Authors
Konstantin Avrachenkov, Paulo Gonçalves, Arnaud Legout, Marina Sokol
Publication date
2011/12
Journal
Proceeding of NIPS Big Learning Workshop
Description
P2P downloads still represent a large portion of today’s Internet traffic. More than 100 million users operate BitTorrent and generate more than 30% of the total Internet traffic [7]. Recently, a significant research effort has been done to develop tools for automatic classification of Internet traffic by application [9, 8, 11]. The purpose of the present work is to provide a framework for subclassification of P2P traffic generated by the BitTorrent protocol. Unlike previous works [9, 8, 11], we cannot rely on packet level characteristics and on the standard supervised machine learning methods.
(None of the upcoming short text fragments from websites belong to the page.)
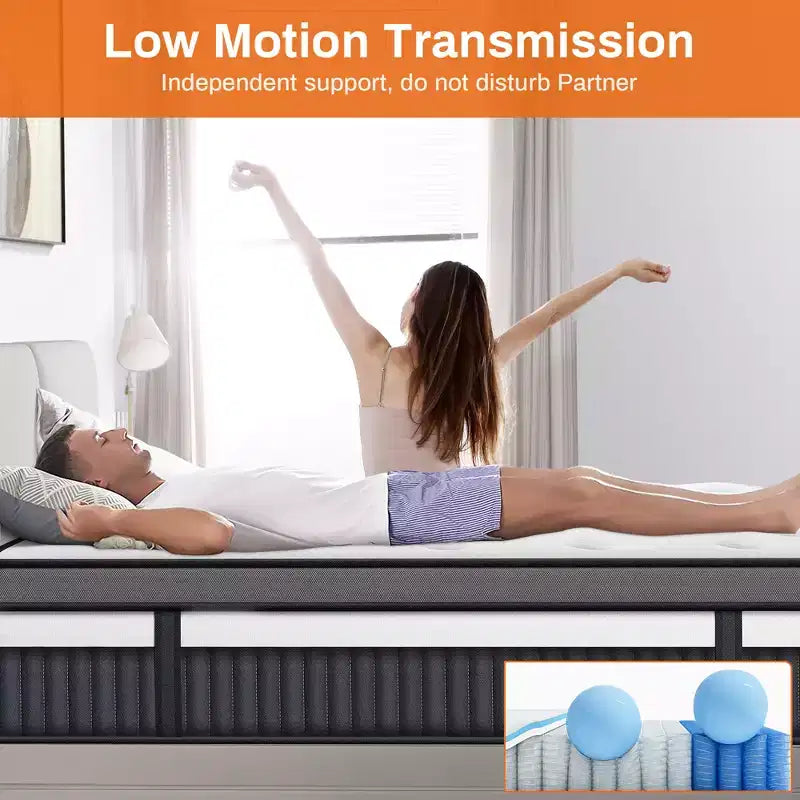 14 King Mattress in a Box,Gel Memory Foam&Pocket Coils,Medium Firm Hybrid Mattress,Back Support & Motion IsolationCooling Bed for Side Sleepers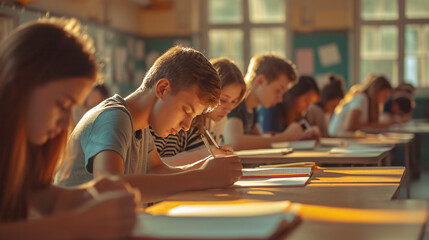 Group of high school students taking the final exam - obrazy, fototapety, plakaty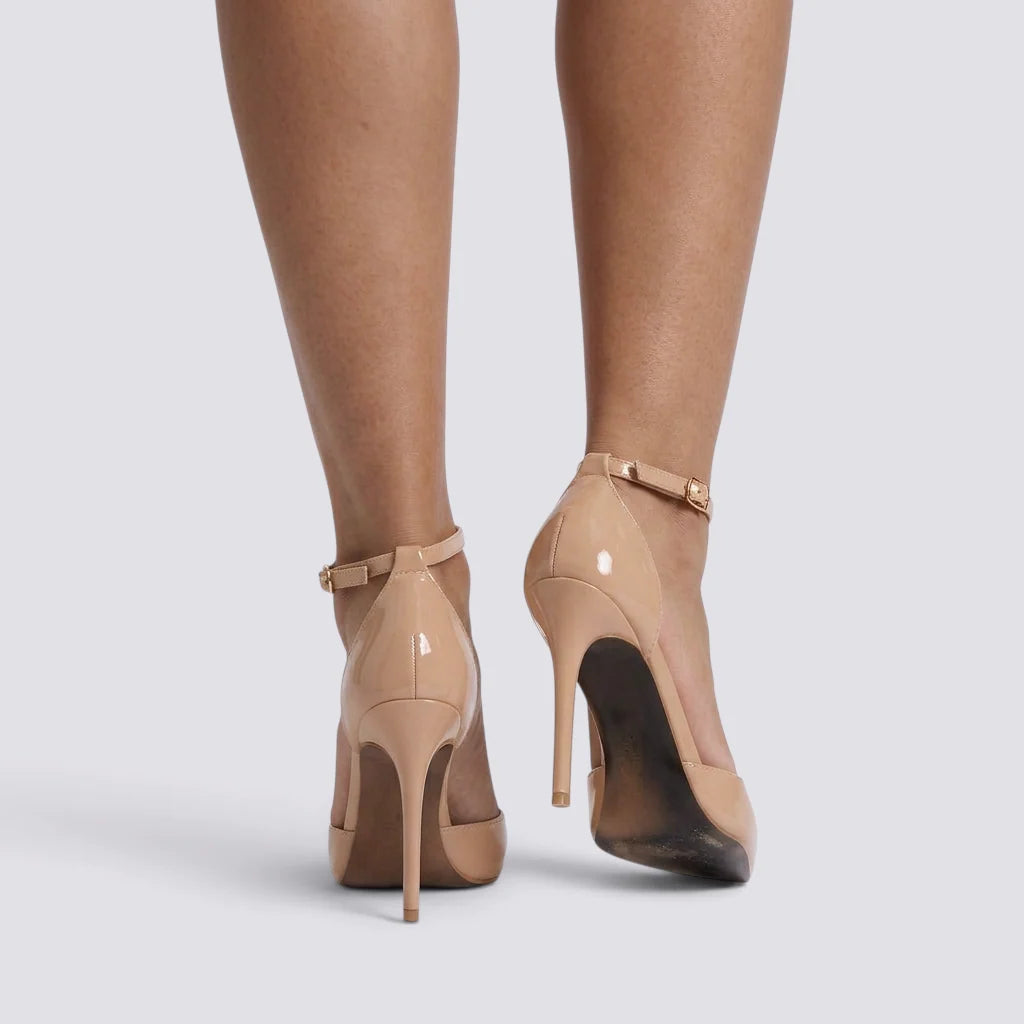 Sandalias de tacón de aguja para mujer con correa ajustable en el tobillo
The application of the standard supervised machine learning methods in [9, 8, 11] is based on the availability of a large set of parameters (packet size, packet interarrival time, etc.). Since P2P transfers are based on the same BitTorrent protocol we cannot use this set of parameters to classify P2P content and users. Instead we can make use of the bipartite user-content graph. This is a graph formed by two sets of nodes: the set of users (peers) and the set of contents (downloaded files). From this basic bipartite graph we also construct the user graph, where two users are connected if they download the same content, and the content graph, where two files are connected if they are both downloaded by at least one same user. The general intuition is that the users with similar interests download similar contents. This intuition can be rigorously formalized with the help of graph based semi-supervised learning approach [13].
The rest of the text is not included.